ASSIGNMENT: Write out again the lines from the line with "Today I will" up to and including the line with "In order to", exactly as they stand below, and skip any picture.
[[ DATA EXTRACT, beginning ]]
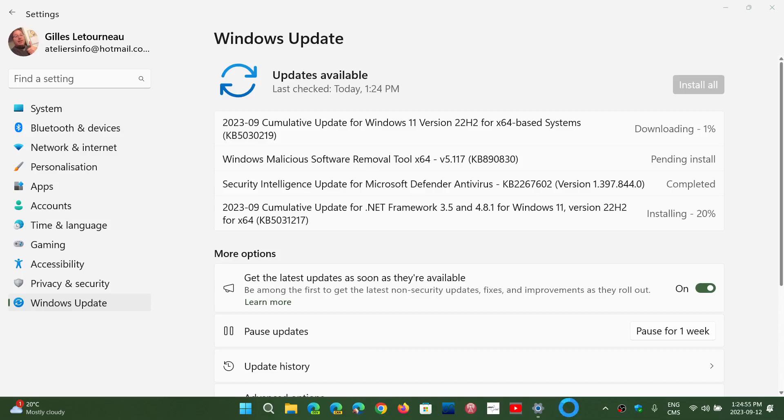What you see here is my 22H2 Windows 11 machine that is updating with a cumulative update, which is KB5030219. If you're on 21H2, your KB number is slightly different and we're going to talk about that a little later in checking out what updates you guys are getting.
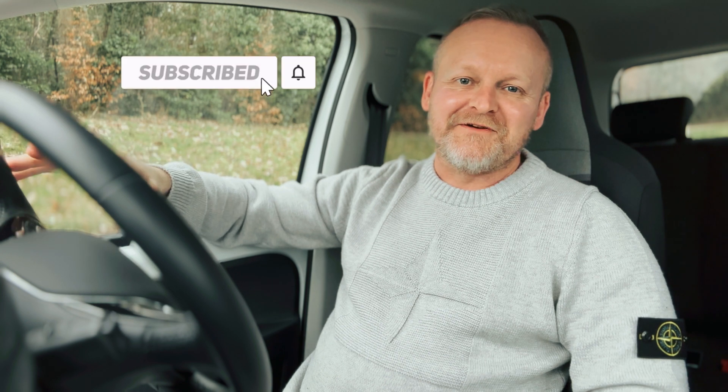If you found this video useful, give it a like and don't forget to subscribe to the channel so you don't miss any of our other videos. Thanks for watching. See you next time.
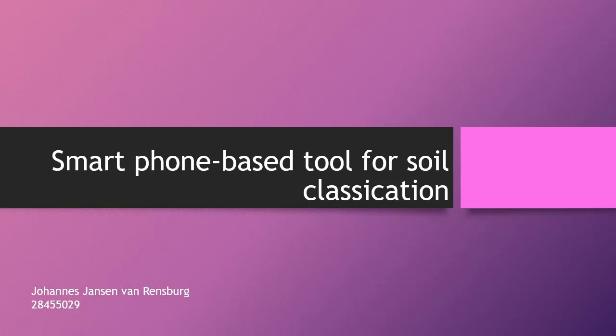Today I will be telling you about the smartphone-based tool that we use for soil classification, and more specifically for soil classification in South Africa.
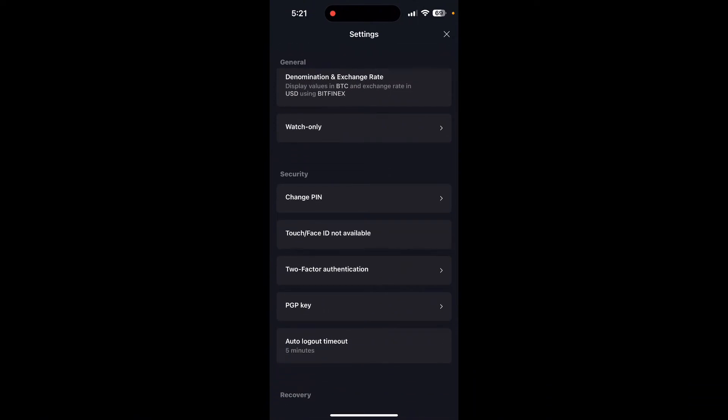Click on it. Here you can select between email, SMS, call, or an authenticator application. Select any one of the authentication methods you like. I'm going to use the email option.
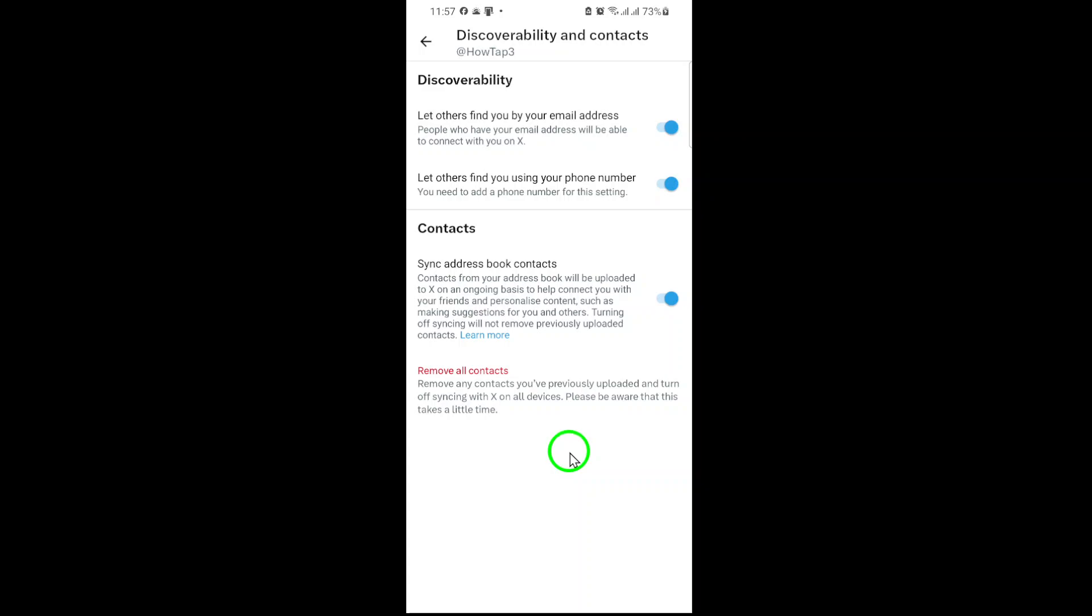Once enabled, X will periodically update your synced contacts. If you add new numbers or emails to your phone, they'll appear here too. Keep in mind, syncing works both ways. If you remove a contact from your device, X will reflect that change.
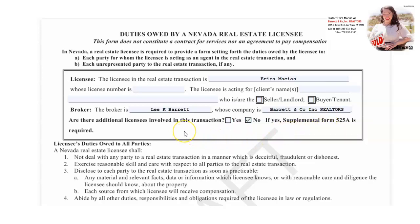In the event that there are other agents in the office who are going to be working on your file, there is a form they would have to fill out stating their name and license number, with your signature authorizing them to work on your file. Licensees' duties owed to all parties — a Nevada real estate licensee shall: one, not deal with any party to a real estate transaction in a manner which is deceitful, fraudulent, or dishonest.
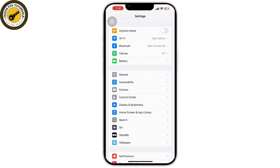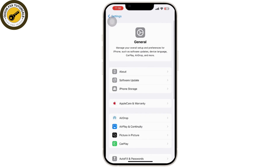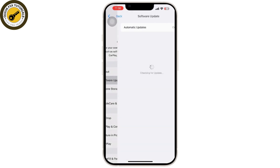In order to fix that, simply go to the Settings app on your mobile device. Inside Settings, tap on General, then tap on Software Update. If an update is available, tap Download and Install.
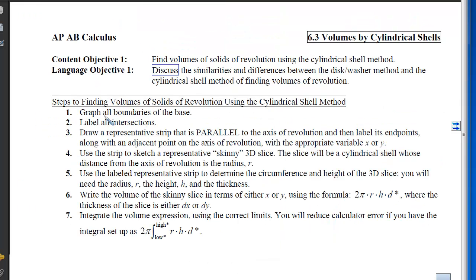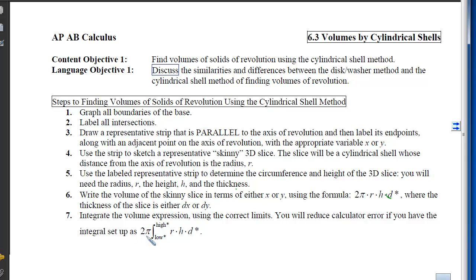The steps are: first, graph the boundaries and label the intersections. Second, draw a representative strip parallel to the axis of revolution and label its endpoints. Third, choose an adjacent point on the axis of revolution so you can determine the radius — how far the strip is from the axis. Fourth, sketch a representative cylindrical shell and determine the circumference and height. You need the radius, height, and thickness (dx or dy). The volume of the slice is circumference times height times thickness. Then integrate, pulling the 2π out front.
[[ DATA EXTRACT, end ]]
TASK OUTPUT:
Today I will be telling you about the smartphone-based tool that we use for soil classification, and more specifically for soil classification in South Africa.
Click on it. Here you can select between email, SMS, call, or an authenticator application. Select any one of the authentication methods you like. I'm going to use the email option.
Once enabled, X will periodically update your synced contacts. If you add new numbers or emails to your phone, they'll appear here too. Keep in mind, syncing works both ways. If you remove a contact from your device, X will reflect that change.
In the event that there are other agents in the office who are going to be working on your file, there is a form they would have to fill out stating their name and license number, with your signature authorizing them to work on your file. Licensees' duties owed to all parties — a Nevada real estate licensee shall: one, not deal with any party to a real estate transaction in a manner which is deceitful, fraudulent, or dishonest.
In order to fix that, simply go to the Settings app on your mobile device. Inside Settings, tap on General, then tap on Software Update. If an update is available, tap Download and Install.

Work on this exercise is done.